Menulis tentang wahyu, al-Rasheed percaya bahwa Israel, Arab Saudi, dan UEA “telah menjadi paduan suara kekuatan jahat yang bertujuan untuk melumpuhkan aktivisme dan pencarian demokrasi di wilayah tersebut.”
“Israel memberikan pengetahuan; yang lain menyediakan dana,” ujarnya.
Dia menambahkan bahwa privatisasi aparat keamanan Israel tidak hanya menjadi ancaman bagi warga Palestina, tetapi semua warga negara Teluk.
Terungkap bahwa Latifa binti Mohammed al-Maktoum, putri pelarian penguasa Dubai, ditangkap pada tahun 2018 dengan bantuan spyware Pegasus.
Selain itu, Nasser al-Khelaifi, presiden Qatar dari klub sepak bola Prancis PSG dan CEO beIN Sports, dicurigai diretas pada tahun 2018, pada puncak keretakan Teluk antara Qatar dan UEA, Arab Saudi, Bahrain, dan Mesir.
Selama dua dekade terakhir, negara-negara Teluk terus berinvestasi dalam teknologi pengawasan global dan mempersenjatai mereka terhadap warganya.
Dalam aksi bersama yang dipimpin oleh Koalisi Pengawasan MENA, GCHR, Access Now memprotes “penargetan skandal ratusan jurnalis dan aktivis di Arab Saudi, Qatar, Aljazair, Bahrain, UEA, Lebanon, Maroko, Turki, dan Mesir – banyak yang telah lama menjadi subyek pengawasan, pelecehan, penangkapan, penyiksaan dan pembunuhan.”
Kebocoran Pegasus “membantah klaim tak berdasar berulang yang dibuat oleh NSO Group bahwa spyware-nya secara eksklusif digunakan untuk mencegah kejahatan dan terorisme,” tambah aksi bersama itu.

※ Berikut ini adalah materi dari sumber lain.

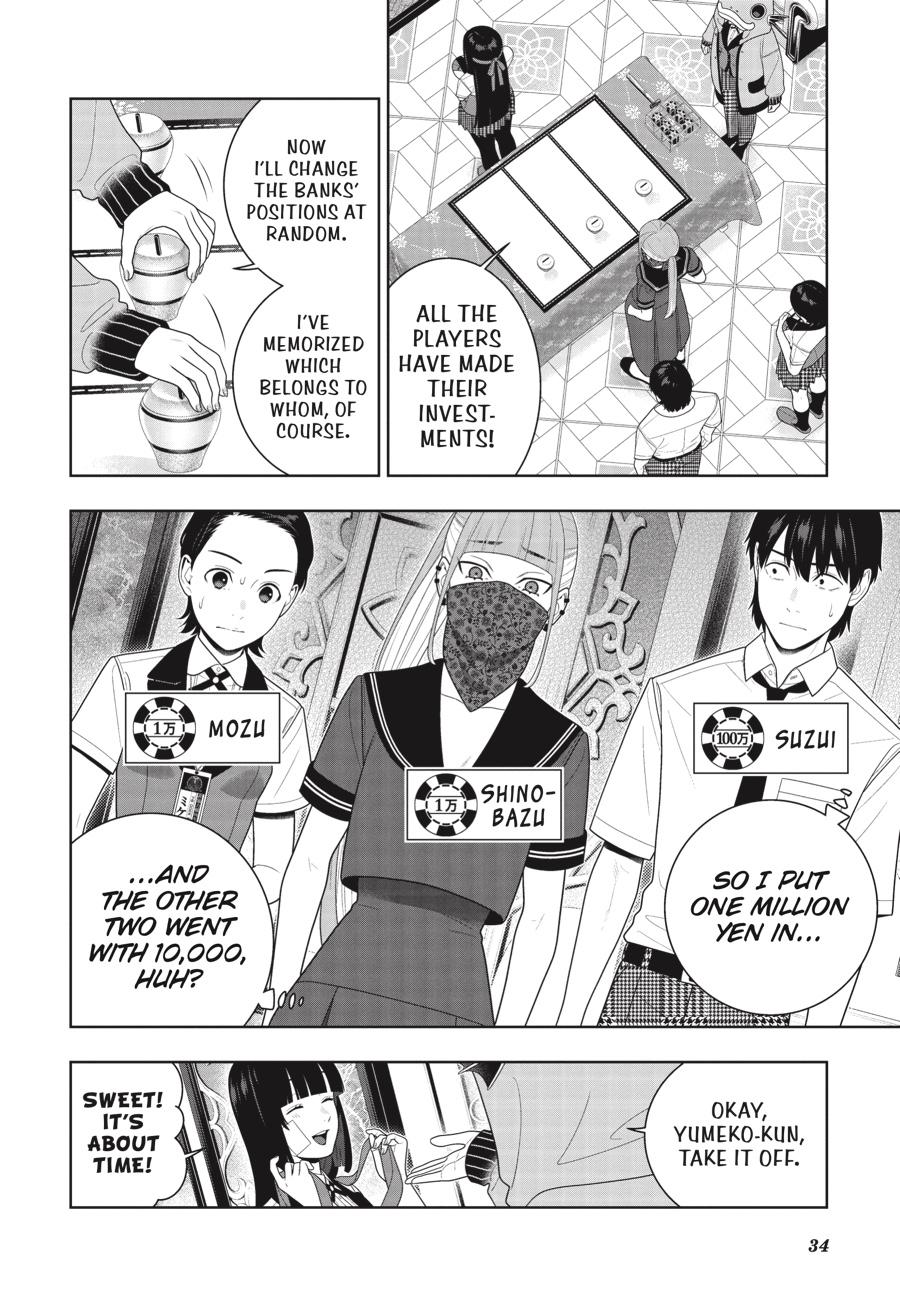 Kakegurui Chap 113 - Next Chap 114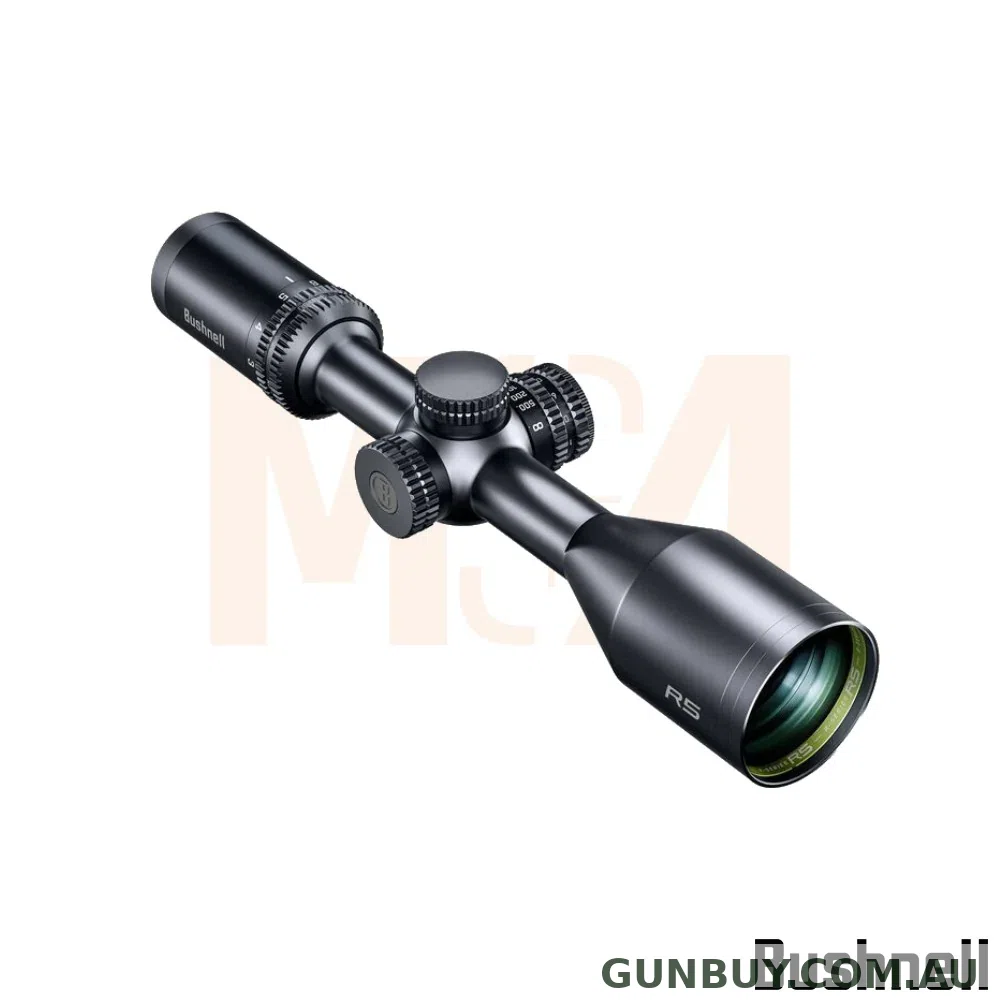 Bushnell R5 3-9x50 Illuminated DOA LRH800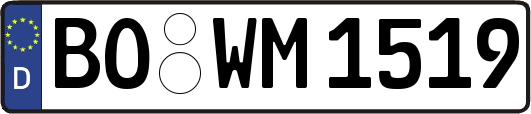 BO-WM1519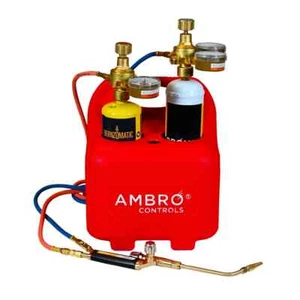Ambro Controls 1811168-1 Oxyset Mobile Brazing System, Welding & Brazing Outfit - Picture 1 of 4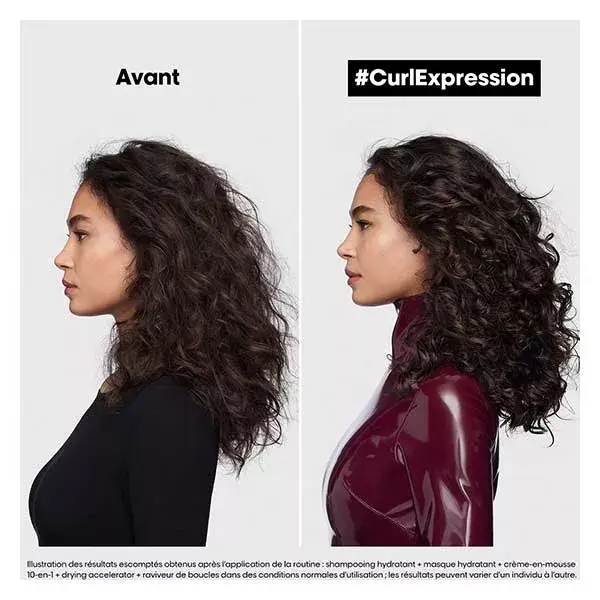 L'Oréal Professionnel Serie Expert Curl Expression Shampoo Creme Hidratação Intensa 500ml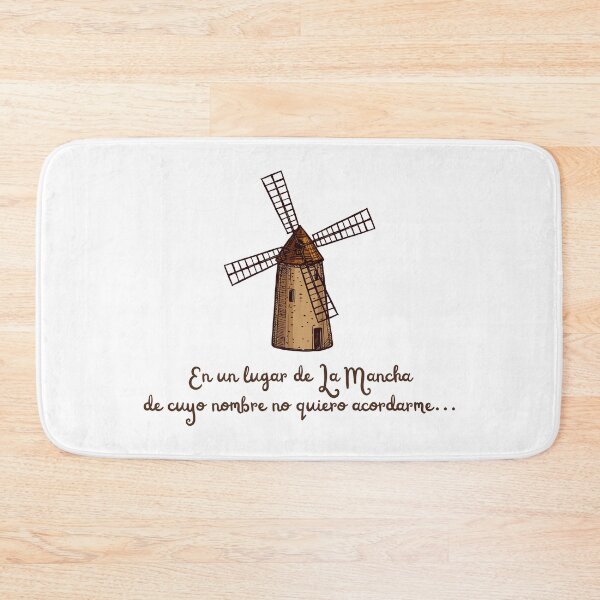 Item preview, Beginning of "Don Quixote de la Mancha" by Miguel de Cervantes designed and sold by Filologica.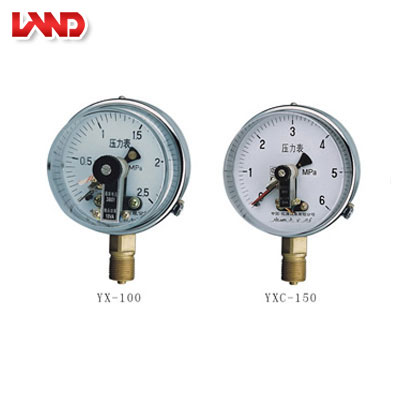YX、YXC系列電接點(diǎn)壓力表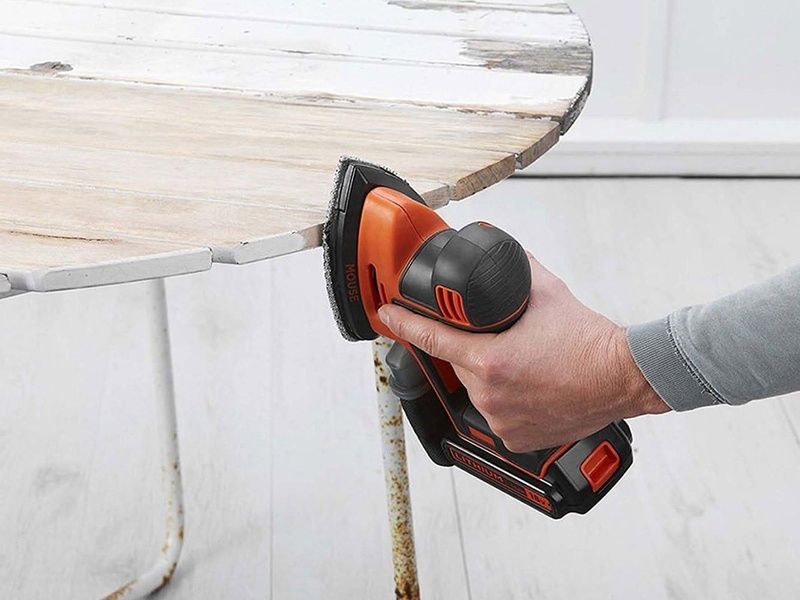 Шліфувальна машина вібраційна BLACK+DECKER BDCDS18 728557 фото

Baik Arab Saudi maupun UEA telah membantah tuduhan mata-mata tersebut.
Temuan ini tidak mengejutkan karena banyak insiden telah dilaporkan sebelumnya, termasuk bagaimana Khashoggi dan orang kepercayaan dekatnya Omar Abdulaziz membuat ponsel mereka dipantau oleh intelijen Saudi menggunakan spyware.
Pada bulan Desember 2020, Citizen Lab yang berbasis di Universitas Toronto mengungkapkan bahwa otoritas Saudi dan Emirat menggunakan Pegasus untuk meretas 36 jurnalis Al Jazeera.